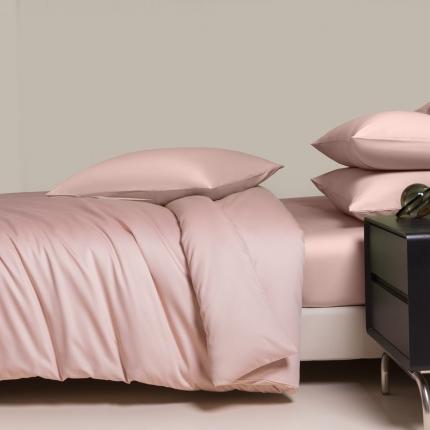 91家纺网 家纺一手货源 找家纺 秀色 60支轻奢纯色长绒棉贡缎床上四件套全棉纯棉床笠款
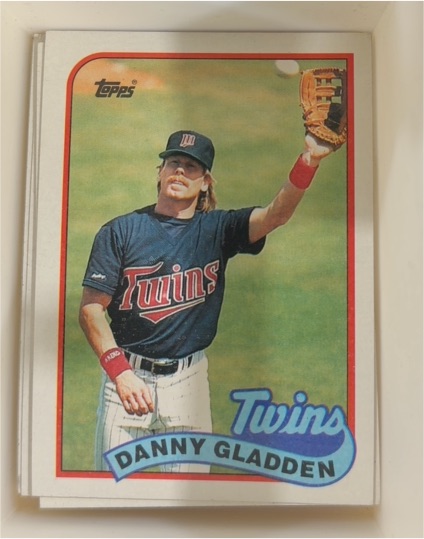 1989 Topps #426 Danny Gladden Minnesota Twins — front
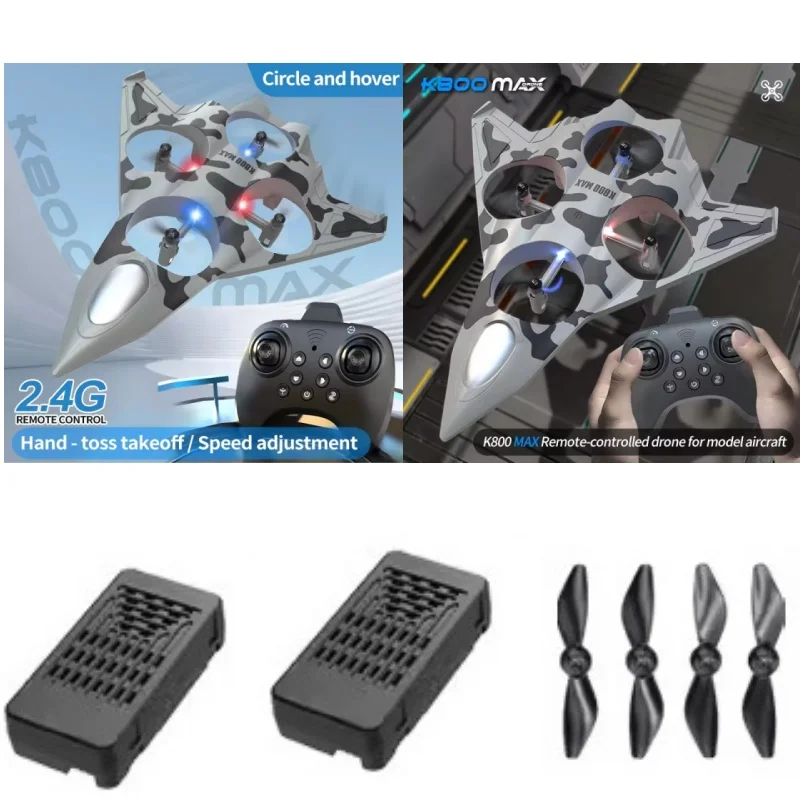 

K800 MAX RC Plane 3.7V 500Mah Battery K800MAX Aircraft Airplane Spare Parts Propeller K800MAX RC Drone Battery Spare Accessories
= = = = = = =
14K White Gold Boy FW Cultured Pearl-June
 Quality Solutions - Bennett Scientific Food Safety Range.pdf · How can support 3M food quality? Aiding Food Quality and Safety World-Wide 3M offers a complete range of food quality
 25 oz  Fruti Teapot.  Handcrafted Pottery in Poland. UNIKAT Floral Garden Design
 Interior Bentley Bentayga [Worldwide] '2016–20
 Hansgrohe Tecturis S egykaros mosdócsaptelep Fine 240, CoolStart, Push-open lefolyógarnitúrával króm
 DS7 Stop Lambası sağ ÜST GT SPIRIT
= = = = = = =
- **Problem requirements**
In the listing above, find the line containing "91家纺网 家纺一手货源 找家纺 秀色 60支轻奢纯色长绒棉贡缎床上四件套全棉纯棉床笠款". Output it and every line after it up to and including the line containing "K800 MAX RC", exactly, but skip the pictures.

- **Answer space**
 91家纺网 家纺一手货源 找家纺 秀色 60支轻奢纯色长绒棉贡缎床上四件套全棉纯棉床笠款
 1989 Topps #426 Danny Gladden Minnesota Twins — front

K800 MAX RC Plane 3.7V 500Mah Battery K800MAX Aircraft Airplane Spare Parts Propeller K800MAX RC Drone Battery Spare Accessories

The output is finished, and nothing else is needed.